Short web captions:
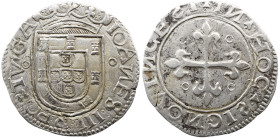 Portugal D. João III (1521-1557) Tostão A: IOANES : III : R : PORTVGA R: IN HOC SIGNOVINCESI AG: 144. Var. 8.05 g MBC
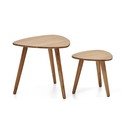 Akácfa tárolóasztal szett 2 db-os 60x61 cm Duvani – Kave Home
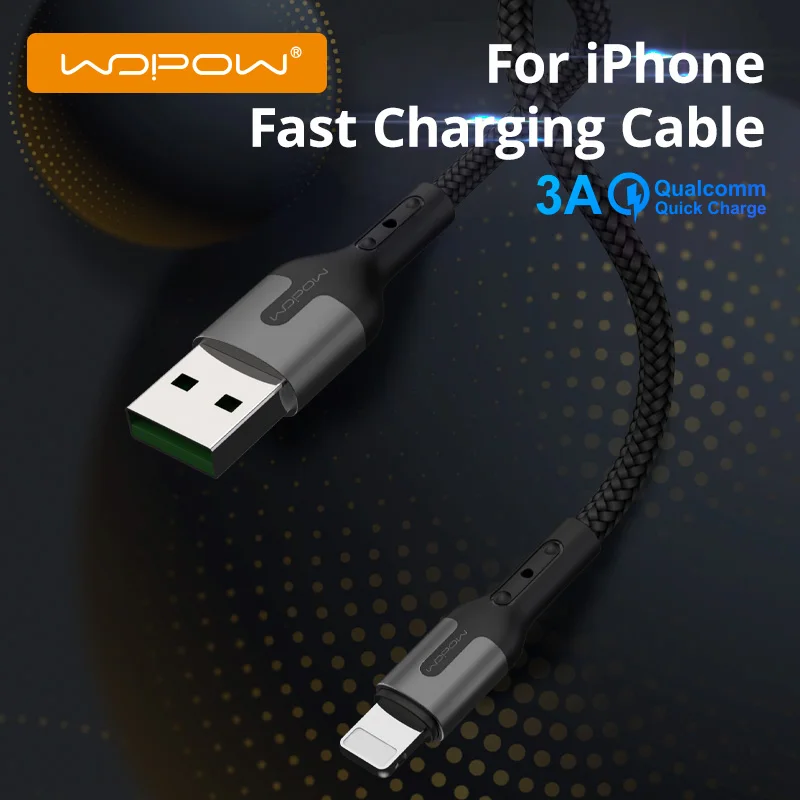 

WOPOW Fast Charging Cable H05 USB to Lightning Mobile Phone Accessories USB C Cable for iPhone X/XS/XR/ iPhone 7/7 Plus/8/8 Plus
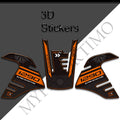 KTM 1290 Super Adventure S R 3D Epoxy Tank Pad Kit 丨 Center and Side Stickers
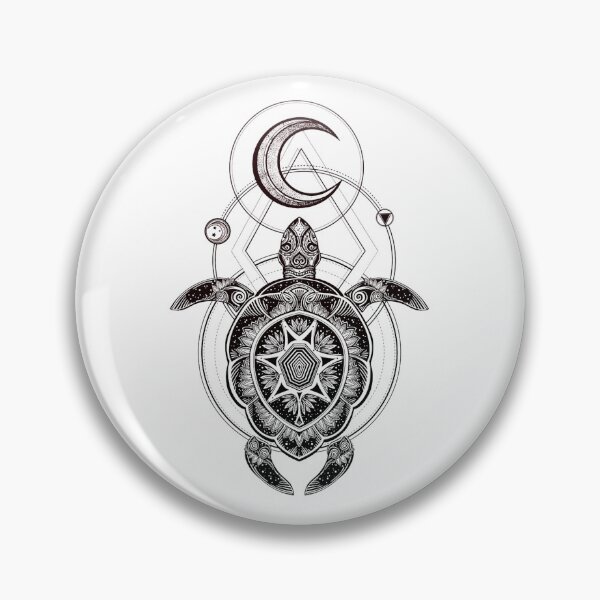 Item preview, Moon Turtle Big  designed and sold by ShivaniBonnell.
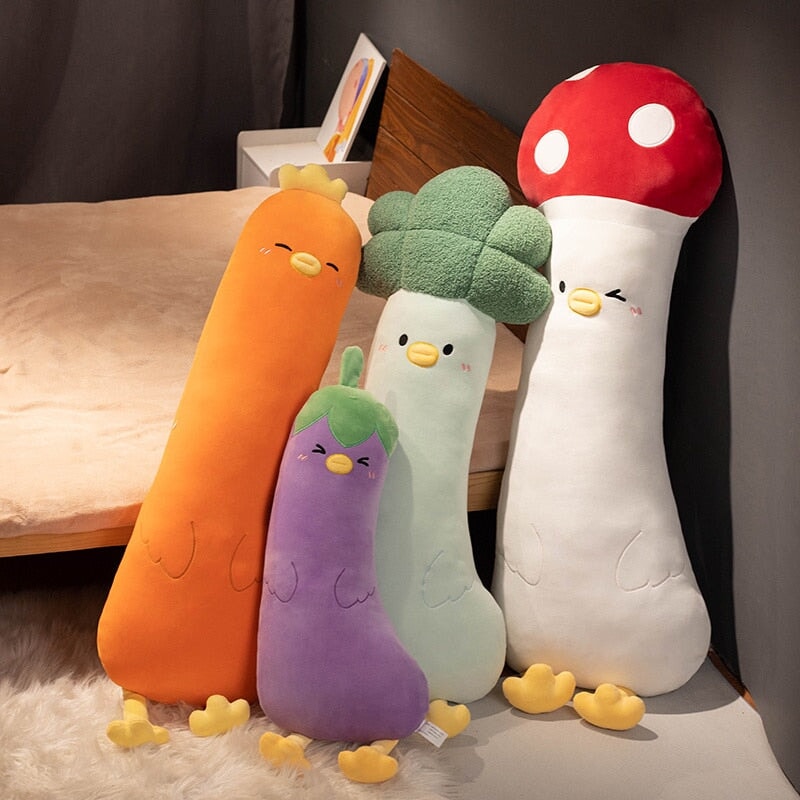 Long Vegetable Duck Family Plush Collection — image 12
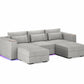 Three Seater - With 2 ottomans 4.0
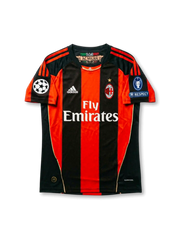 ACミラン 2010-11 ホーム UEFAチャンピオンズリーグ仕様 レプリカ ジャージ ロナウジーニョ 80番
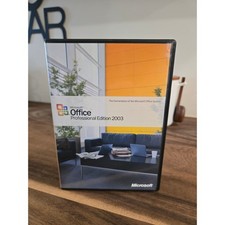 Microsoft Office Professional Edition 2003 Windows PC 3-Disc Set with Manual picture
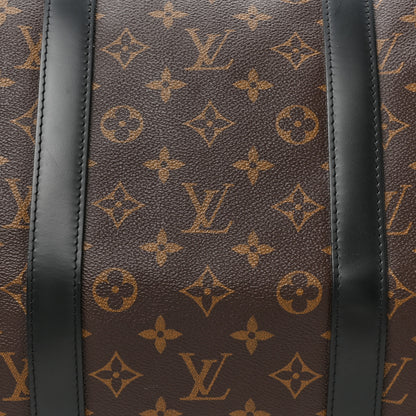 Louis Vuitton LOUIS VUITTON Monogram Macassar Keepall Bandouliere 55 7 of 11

* _PROBLEM_:
Without any pictures, please write out the lines from the one containing "Microsoft Office Professional" through the final line of the data, exactly and inclusive of both ends.

* _COMPLETED EXERCISE_:
 Microsoft Office Professional Edition 2003 Windows PC 3-Disc Set with Manual picture
 Louis Vuitton LOUIS VUITTON Monogram Macassar Keepall Bandouliere 55 7 of 11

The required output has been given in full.